D5's longtime incumbent Mercer, while less vocal in recent years, still stands as one of the most ultra-conservative – and anti-science – sitting SBOE members. Mercer infamously argued on a radio program in 2011 that because animals aren't transitional – like a "cat-dog" or a "rat-cat" – evolution is nonexistent. ("If your theory's right, all these species would get together and form a new species, then where is the cat-dog or the rat-cat, whatever it be? They don't come together. Cats go with cats, and dogs go with dogs," he said.)
Even with their academic bona fides in the face of incumbents with markedly less expertise in education, the Democrats have an uphill battle ahead of them. The districts they're fighting to win are expansive and have trended solidly Republican over the past decade. In fact, the logistics of simply campaigning are no easy feat for any of the SBOE candidates, some of whom must cover an area equivalent in size to a small state.

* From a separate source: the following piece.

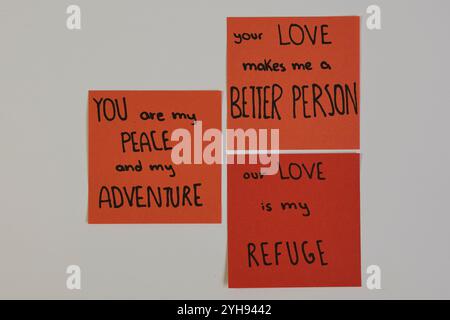 Notes with texts of Love and affection handwritten in colored post-it notes on a solid color background that allows for additional text to be added Stock Photo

Jennings' district encompasses 17 counties including Williamson and part of Travis, while Bell-Metereau's stretches through 11-plus parts of Travis and Bexar and represents more than a million and a half Texans. "I haven't met them all yet," she jokes.
With two failed races behind them, the women don't seem dispirited or unnerved, only emboldened to win an under-the-radar seat they see as hugely influential. "It's a little-known office and a little-known race, but it has a huge impact on the future of our kids," said Bell-Metereau of the SBOE campaigns. "This board is doing some good yet also a lot of damage, and it doesn't have to. They could really transform Texas education in a dramatic way."